Eritrosit sedimantasyon hızının >30 mm/saat olması hastanın enfeksiyöz, otoimmün veya malign hastalıklar yönünden araştırılmasını endike eder. Sedimantasyon hızının düşük olması olası bir enfeksiyon hastalığını veya romatoid artriti ekarte ettirmez. Ancak saatte 100 mm'nin üstündeki eritrosit sedimantason hızı tüberkülozu, Kawasaki sendromunu, malignensiyi ve otoimmün hastalıkları akla getirmelidir.
Hastanın kan kültürleri alınmalıdır. Endokardit, osteomyelit, ve derin abselerin tanısında tekrar tekrar kan kültürü almak gerekebilir. İdrar kültürü rutin olarak alınmalıdır.

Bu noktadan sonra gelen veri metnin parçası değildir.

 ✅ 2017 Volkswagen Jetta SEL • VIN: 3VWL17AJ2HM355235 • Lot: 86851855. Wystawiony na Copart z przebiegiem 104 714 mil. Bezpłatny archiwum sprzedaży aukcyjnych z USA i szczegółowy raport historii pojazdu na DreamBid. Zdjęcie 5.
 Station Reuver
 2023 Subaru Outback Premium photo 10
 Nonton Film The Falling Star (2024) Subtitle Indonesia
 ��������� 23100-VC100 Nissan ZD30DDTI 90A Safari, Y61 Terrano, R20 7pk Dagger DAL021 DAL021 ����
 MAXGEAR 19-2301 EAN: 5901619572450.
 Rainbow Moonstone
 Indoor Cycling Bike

Tüberküloz tanısı için PPD yapılmalıdır. Öykü ve fizik muayenede düşündürecek bulgular varsa göğüs, sinüs, mastoid ve gastrointestinal sistem grafileri çekilmelidir.

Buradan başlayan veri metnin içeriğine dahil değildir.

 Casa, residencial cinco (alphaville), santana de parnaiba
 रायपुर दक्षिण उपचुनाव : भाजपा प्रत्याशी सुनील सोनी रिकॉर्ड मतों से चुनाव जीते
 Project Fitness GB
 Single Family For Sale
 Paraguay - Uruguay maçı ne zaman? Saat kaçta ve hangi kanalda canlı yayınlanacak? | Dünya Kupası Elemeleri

Lösemi, metastatik neoplazmalar, mikobakteriyel, fungal veya paraziter hastalıklar, histiositozis veya depo hastalıklarının tanısı için kemik iliği incelemesi yapılmalıdır.
İnfeksiyöz mononükleoz, CMV hastalığı, salmonellozis, toksoplazmozis, tularemi, brucellozis, leptospirozis ve Juvenil romatoid artrit için diagnostik serolojik testlere gerek duyulabilir.

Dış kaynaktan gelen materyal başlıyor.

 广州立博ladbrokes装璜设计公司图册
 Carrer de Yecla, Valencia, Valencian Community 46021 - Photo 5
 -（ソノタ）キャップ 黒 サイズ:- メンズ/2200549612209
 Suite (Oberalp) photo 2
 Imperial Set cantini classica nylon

Osteomyelitlerin ve abdominal apselerin tanınmasında radyoaktif incelemeler faydalı olabilir. Subakut bakteriyel endokarditte olduğu gibi kalp kapaklarında vejetasyonların gösterilmesinde ekokardiyogram yardımcıdır. İntraabdominal apselerden kuşkulanıldığında ultrasonografi yapılmalıdır.
Neoplazmaların tanısında ve pürülan püğ kolleksiyonlarının gösterilmesinde total vücut kompütarize tomografisi veya magnetik rezonans incelemeleri yarar sağlar.
Bazen ayırıcı tanıda biyopsiye ihtiyaç duyulabilir. Organa spesifik bulgular olduğunda bronkoskopi, laparoskopi, mediastinoskopi ve gastrointestinal endoskopiye gerek duyulabilir.
Tedavi: Çocuklarda ateş ve enfeksiyon eş anlamlı değildir. Bunun yanısıra antimikrobik ajanlar antipiretik olarak kullanılmamalıdır ve ampirik tedaviden mümkün olduğunca kaçınılmalıdır. Ampirik antibiyotik kullanımı endokardit, menenjit ve ostromiyelitleri baskılayarak tanı güçlüklerine yol açar. Hasta iyice tetkik edildikten sonra ateşi kontrol etmek için antibiyotikler kullanılır.
Prognoz: Çocuklarda nedeni belli olmayan ateşin prognozu (seyri) erişkinlerden daha iyidir. Vakaların çoğunda tanı konulmadan ateş kendi kendine düşer. Yaklaşık % 25 vakada ise dikkatli yapılmış bir incelemeye rağmen ateş süreklilik gösterir ve neden bulunamaz.